A first evaluation part adapted to, if said at least one signal characteristic is unambiguously indicative of a particular type of audio content, then based on said at least one signal characteristic indicative of a type of audio content within portions of said audio signal for said selection of coding models for each part of the audio signal;

A second evaluation section adapted to statistically evaluate, for adjacent portions of each remaining portion of the audio signal for which a coding model has not been selected by said first evaluation section, a coding model for which said first evaluation section has selected a coding model, and is adapted to select a coding model for each portion of said remainder based on each statistical evaluation; and

an encoding section for encoding each section of said audio signal using the encoding model selected for each section.

11. The encoder of claim 10, wherein said first type of audio content is speech, and wherein said second type of audio content is audio content other than speech.

12. The encoder of claim 10, wherein said coding models include algebraic code-excited linear predictive coding models and transform coding models.

13. An encoder according to claim 10, wherein in said statistical evaluation said second evaluation part is adapted to take into account the coding model selected by said first evaluation part for the part preceding each remaining part, and if available, Consider the coding model selected by the first evaluation part for the part following the remaining part.

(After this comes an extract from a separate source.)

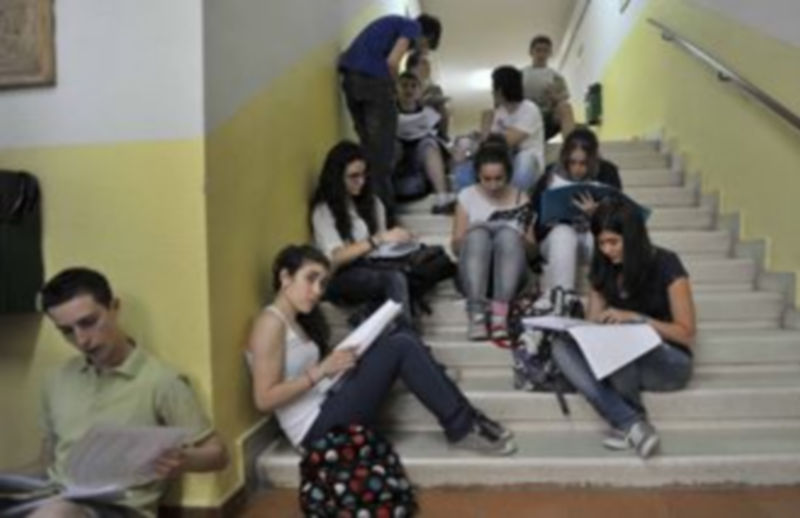 Imagen de archivo de alumnos segovianos antes de entrar a realizar una de las pruebas de acceso. / Kamarero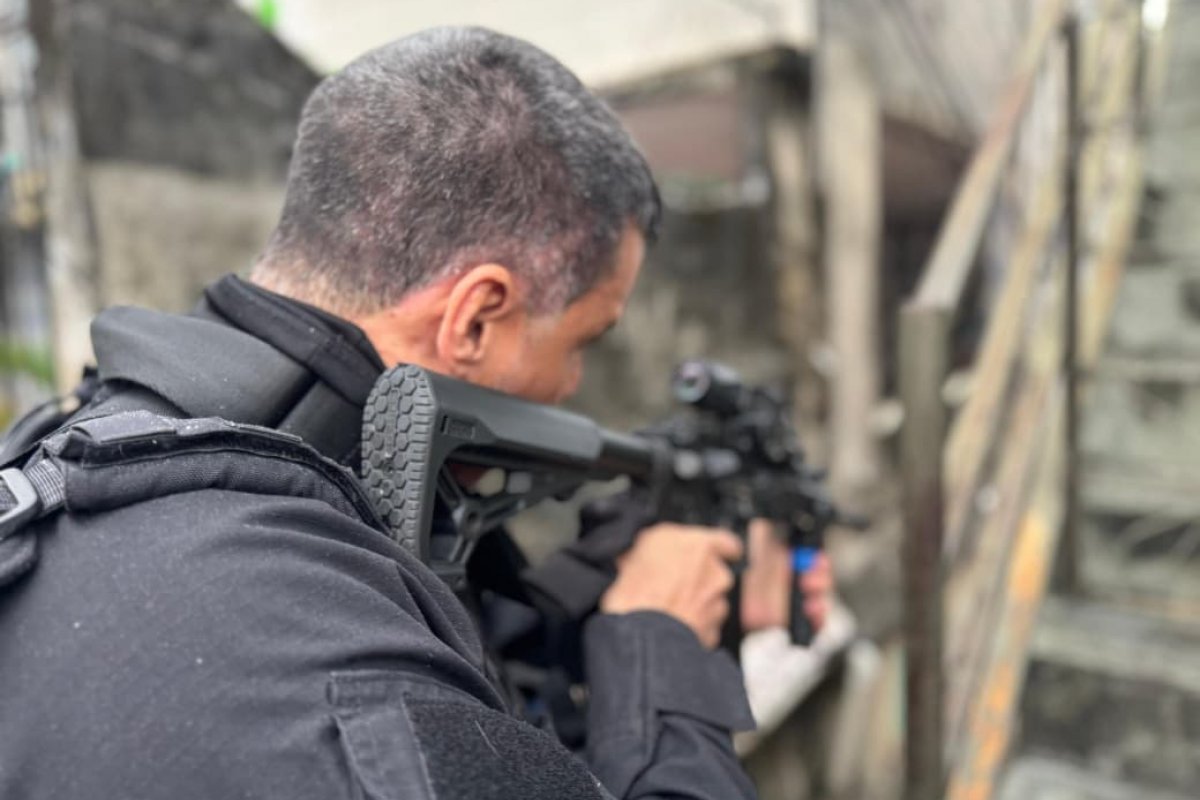 PEC que prevê mudanças na aposentadoria e pensão por morte de policiais civis e agentes penitenciários é enviada por Jerônimo Rodrigues à ALBA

14. The encoder according to claim 10, wherein said second evaluation section is adapted to perform non-uniform statistical evaluation with respect to said encoding model.

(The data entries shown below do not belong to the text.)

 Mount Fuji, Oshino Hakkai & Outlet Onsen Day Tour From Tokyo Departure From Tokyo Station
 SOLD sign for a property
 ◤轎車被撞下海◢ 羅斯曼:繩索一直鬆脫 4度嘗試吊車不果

15. The encoder according to claim 10, wherein said second evaluation section is adapted for said statistical evaluation to count, for each of said coding models, said first evaluation section for which said respective coding model has been selected. The number of adjacent parts.

16. The encoder according to claim 15, wherein said first type of audio content is speech, and wherein said second type of audio content is audio content other than speech, and wherein in said statistical evaluation , said second evaluation section is adapted such that said first evaluation section has selected a higher weight than said first evaluation section for the number of adjacent parts of said coding model optimized for said first type of audio content. The weight of the number of parts of said coding model optimized for said second type of audio content has been selected by the evaluation part.

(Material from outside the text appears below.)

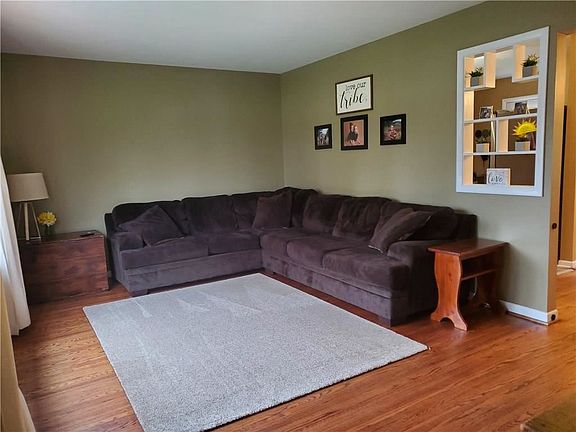 4th image of 13 Hillside Dr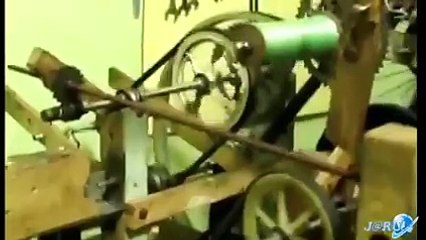 Plastic bottle making brush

17. The encoder of claim 10, wherein each said portion of said audio signal corresponds to a frame.

18. An electronic device comprising an encoder for encoding successive portions of an audio signal using encoding models, wherein at least one encoding model optimized for a first type of audio content and at least one optimized for a second type of audio content Optimized at least one encoding model is available, the encoder comprising:

19. The electronic device of claim 18, wherein the first type of audio content is speech and wherein the second type of audio content is audio content other than speech.

20. The electronic device of claim 18, wherein the coding model comprises an algebraic code-excited linear predictive coding model and a transform coding model.

21. An audio coding system comprising an encoder and a decoder, wherein the encoder encodes successive parts of an audio signal using coding models and the decoder codes successive parts of the audio signal using the coding models used to encode the parts Decoding of the consecutive encoding part wherein at least one encoding model optimized for a first type of audio content and at least one encoding model optimized for a second type of audio content are available in said encoder and said decoder , the encoder consists of:

22. The audio encoding system of claim 21, wherein said first type of audio content is speech and wherein said second type of audio content is audio content other than speech.

23. The audio coding system according to claim 21, wherein said coding model comprises an algebraic coding excited linear predictive coding model and a transform coding model.